In Birmingham last weekend there were bag searches on the way in to the NEC. That is, if you didn't walk in just behind someone else with a bag, your bag might get searched. For values of "searched" equal to "open the main body of the bag, look at what's on top". I could do a better bag search than that, and I've never even been trained in it; it was pure theatre, meant to make people feel Protected. And theatre on the cheap at that; the poor buggers doing the searches weren't even being paid overtime, they'd been "invited" to give up their weekends.

Meanwhile over in the election: well, I haven't started believing the promises politicians make. But I can't help notice that party A is promising things that are clearly a terrible idea: "no safe places for bad people on the Internet" is exactly the same as "no privacy for anyone on the Internet". And we've seen "we will stamp out extremists" before (and it hasn't worked over the last fifty years): "extremists" have already been redefined as "anyone who doesn't agree with government policy".

Meanwhile party B is promising things that it obviously won't deliver, but would at least potentially make life better rather than worse if they did happen. Party C is the one that's trying to be a voice of sanity, and is clearly going to do terribly as a result.


  1. Posted by Dr Bob at 11:34am on 08 June 2017

    Oh yeah. I heard on the news that we had troops on the streets and went WTF? Have I fallen into some parallel universe?

    The other thing no-one seems to be talking about is that we've all been told we're special and we all deserve our 15 minutes of fame - and the ravening beast which is 24 hour rolling news coverage must be fed.

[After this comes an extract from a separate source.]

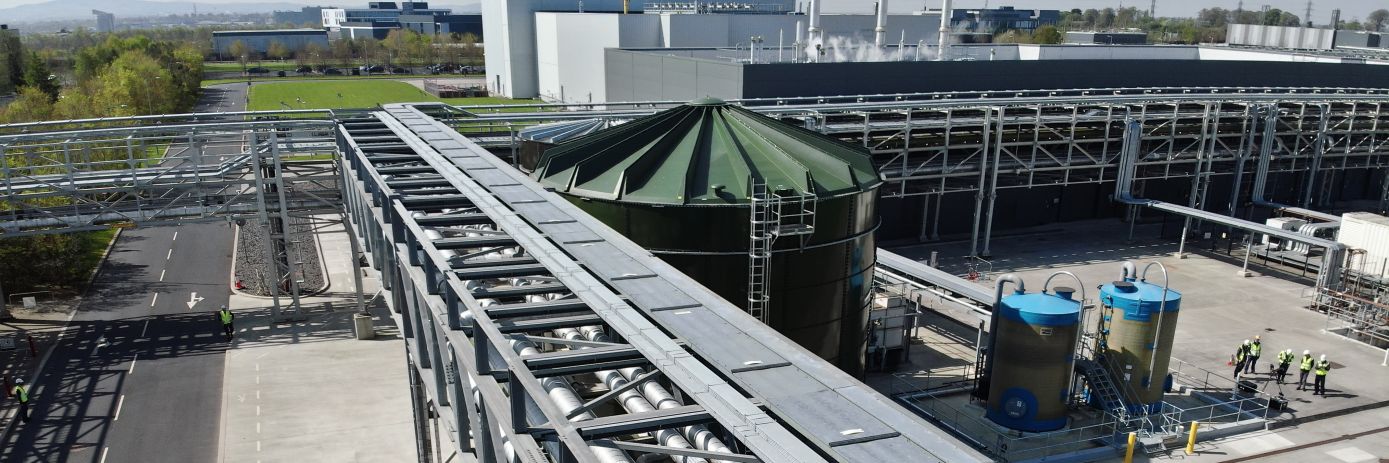 A photo of industrial infrastructure taken with a drone during an inspection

    It's a vicious circle. Every time the media goes nuts over a Hungerford or Columbine or 'terror attack', it validates killing people in public as a method of giving your life meaning and/or becoming instantly famous.

  2. Posted by Michael Cule at 11:40am on 08 June 2017

    Well, yes.

    I thought you gave up on politics and news and things in the interests of a quiet, healthy life?

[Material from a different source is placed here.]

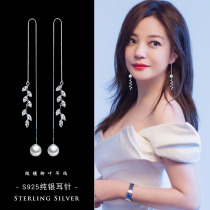 S925 sterling silver needle simple ear line Korean temperament micro-inlaid Willow leaf super flash zircon drop earrings long earrings earrings for women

    Tell you what, let's go up to Oxford this evening just like we planned to anyway and play board games as per usual. Nothing with an election theme though...

  3. Posted by Owen Smith at 02:56pm on 08 June 2017

    I also remember the IRA bombings from the mid 1970s onwards. We just ignored them and got on with life, even if we were going to Manchester (nice job of urban clearance the IRA did for us there, saved us a shed load of money). People paid more attention to not going out alone at night due to the Yorkshire Ripper (if they were female).

    I was in Egypt on holiday with my parents and aunt at the time of the attack at the Temple of Queen Hatchepsut, we'd been at that very temple a couple of days earlier. We were evacuated one week into a two week holiday, very annoyingly. My dad asked if we could stay and argued we were just as safe after the attack as we were before it so why create chaos (and a juicy target with us all packed into the airport) and send us all home? We were told we had no choice, we had to go home, and anyway all the archeological sites would be shut so there would be nothing to see.

  4. Posted by John Dallman at 08:37pm on 08 June 2017

    Indeed, the strategy as outlined was what Al-Queda were trying in 2001. They planned to provoke a US intervention in the Middle East (success) and like most revolutionaries, vastly overestimated the number of people who would come to the same conclusions as them. If it hadn't been for the utter clumsiness of the US occupations, the whole thing would have been a failure.

  5. Posted by Nick Marsh at 11:15pm on 17 June 2017

    Absolutely agree - and it turns out your predictions were correct. I know 24 hour news has been around for a while but it seems to have reached new heights of mining a story for every tiny nugget of emotion/misery until we all feel thoroughly depressed. In the case of terrorism, this is exactly what they want us to do. What sort of strategy is it to give the enemy what they want?

    Keep calm and carry on: it became a soundbite, and then a meme, but it seems no-one actually paid attention to the meaning.